It’s been five years since Stacy Lewis posted her best finish in the U.S. Women’s Open.
Coincidentally, it was her first tournament as a professional.
The University of Arkansas product turned pro before the USWO at Interlachen in 2008 and, playing alongside Paula Creamer in the final pairing on Sunday, finished tied for third behind In-Bee Park.
In the intervening time between then and this week’s U.S. Women’s Open at Sebonack Golf Club in the Hamptons, a lot has happened.
Lewis got her major, winning the 2011 Kraft Nabisco Championship.
This past March, she became only the second American woman (after Cristie Kerr) to be the top-ranked player in the Rolex Rankings since their inception in 2006.
Then again, history has a way of repeating itself.
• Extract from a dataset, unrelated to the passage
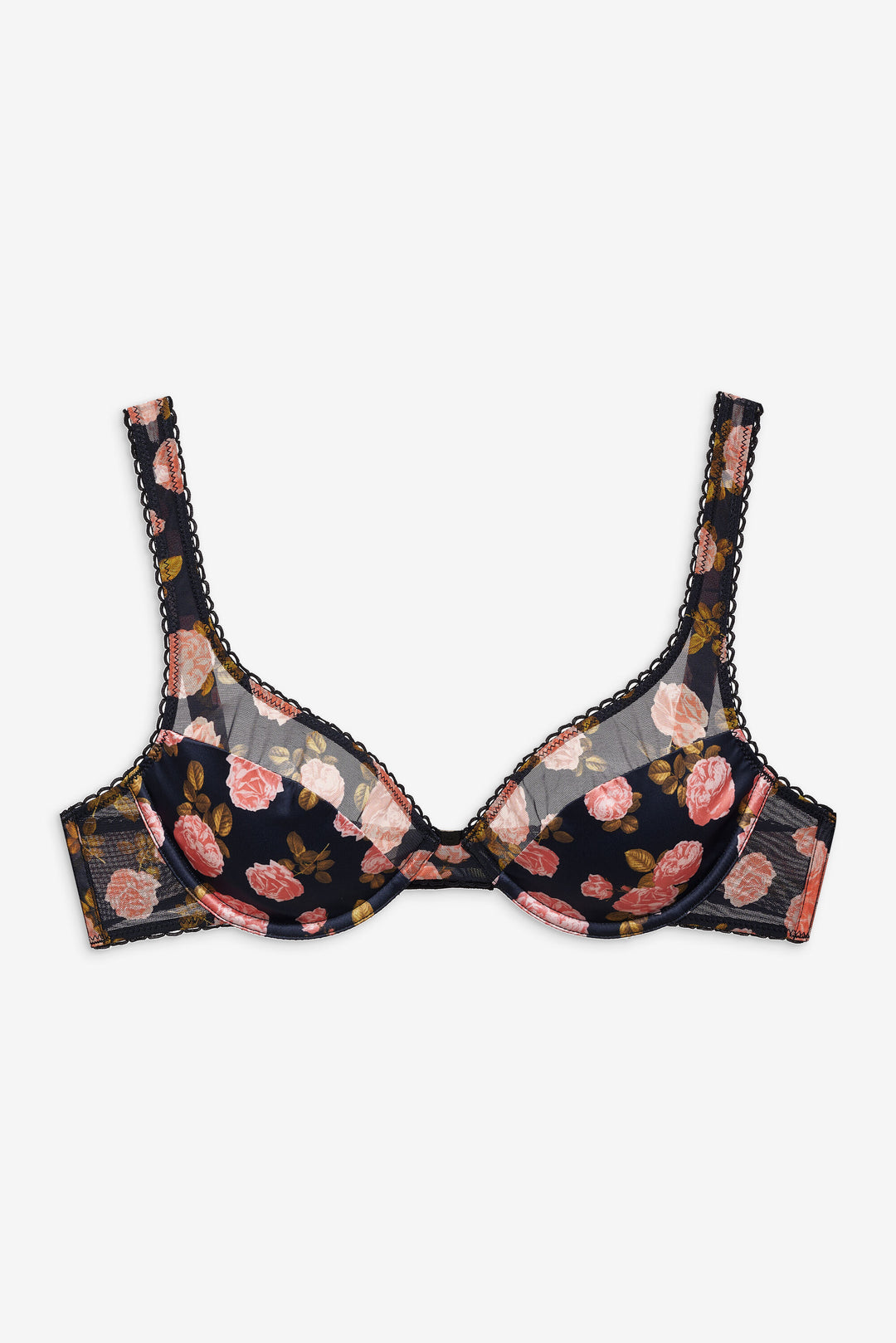 Kayla Underwire Bra - Navy | For Love and Lemons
It is, sort of, right now for Lewis. She’s now No. 2 in the world ranking, ceding the top spot in April to — you guessed it — In-Bee Park, who has won five times this season, including the first two majors of the year.
After some brutal U.S. Women’s Opens in the last several years, Lewis likes her chances at Sebonack.
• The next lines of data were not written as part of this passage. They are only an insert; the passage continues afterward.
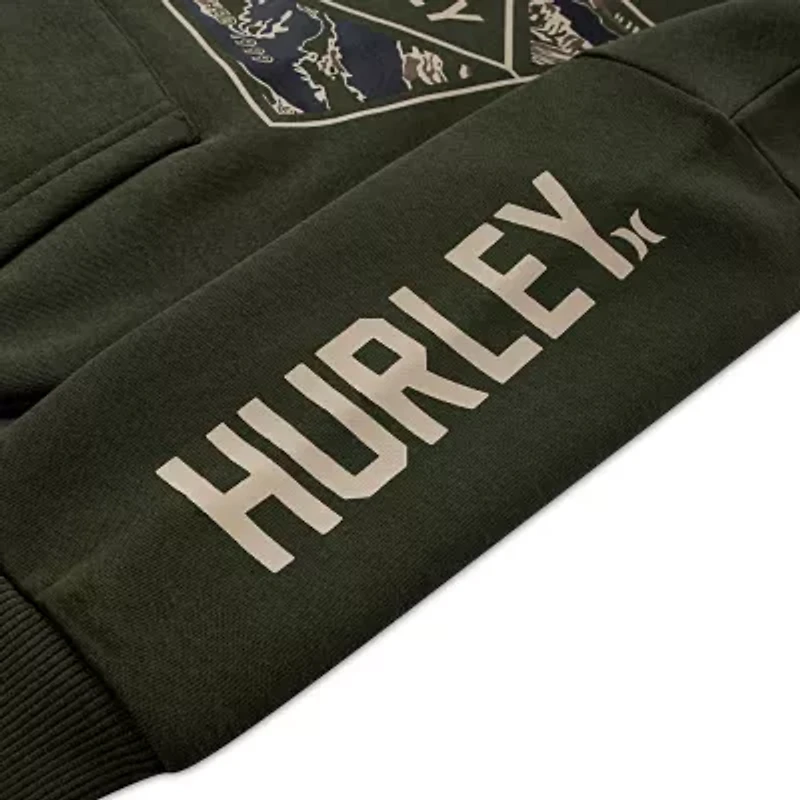 Hurley Big Kid Boys Long Sleeve Fleece Hoodie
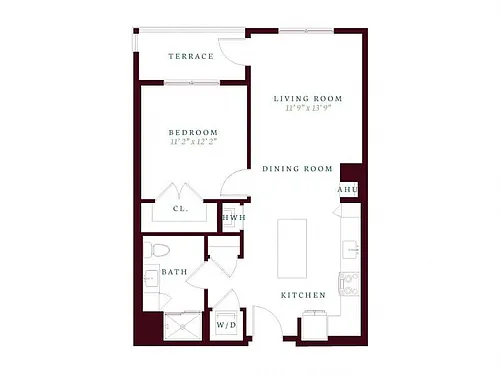 Floor plan A22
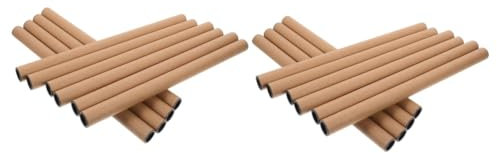 VILLCASE 20 Stk Versandrohr Röhren Kartenröhre Plakatröhre Braune Papierröhre Versandhülsen Aus Kraftpapier Versandhülsen Aus Pappe Durchsichtiges Aufbewahrungsröhrchen Bastelset Khaki Abs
“It feels like the last few U.S. Opens, it’s all been how straight you can drive the ball, and that is kind of who has won the tournament,” Lewis said Tuesday.
“So I like this year that you don’t have to drive it perfect off the tees, but you’ve got to play smart into the greens. You can take it off of ridges, you can go multiple ways to get the ball close, and I like that. I think it brings in another aspect of the game that the U.S. Opens haven’t tested in the past few years.”
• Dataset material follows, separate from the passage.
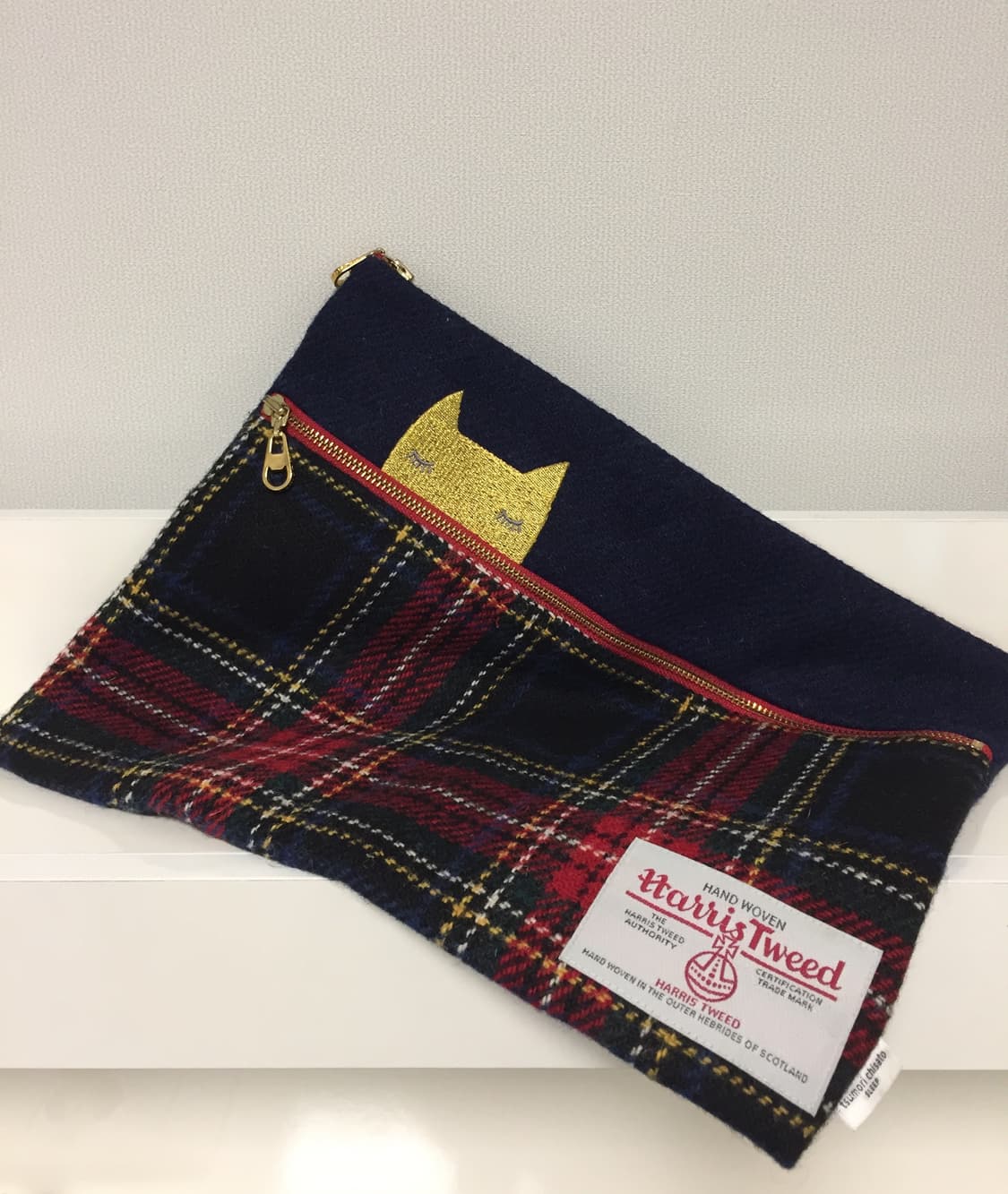 tsumori chisato SLEEP X HARRIS TWEED 파우치 상품이미지1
While Lewis may not have an edge in driving accuracy (she is 35th in driving accuracy this year, but finished tied for eighth in 2012), she has learned how to harness her physical toughness and turn it into mental strength.
Growing up, Lewis battled scoliosis, a curvature problem in the spine that threatened her ability to walk. From the age of 11 for six-and-a-half years, Lewis wore a back brace 18 hours each day, hoping it would at least somewhat correct the spinal problem. It didn’t.
So in 2003, Lewis underwent a surgical procedure to try to fix the problem. She walked away with a stainless steel rod and five screws implanted in her back, and after nine months of recovery and rehabilitation, Lewis resumed her golfing life. She earned the spot that had been saved for her on the Razorback golf team and went on the win a dozen times in college before turning pro at Interlachen.
That process, that journey to take on a condition that could have debilitated her took a little over seven years. As she prepares for her seventh U.S. Women’s Open start, Lewis is ready to figure out what, in her words, is now her nemesis.
“If you’re a U.S.-born player, this is your national championship,” Lewis said. “This is the tournament you want to win. This is the trophy you want to have.”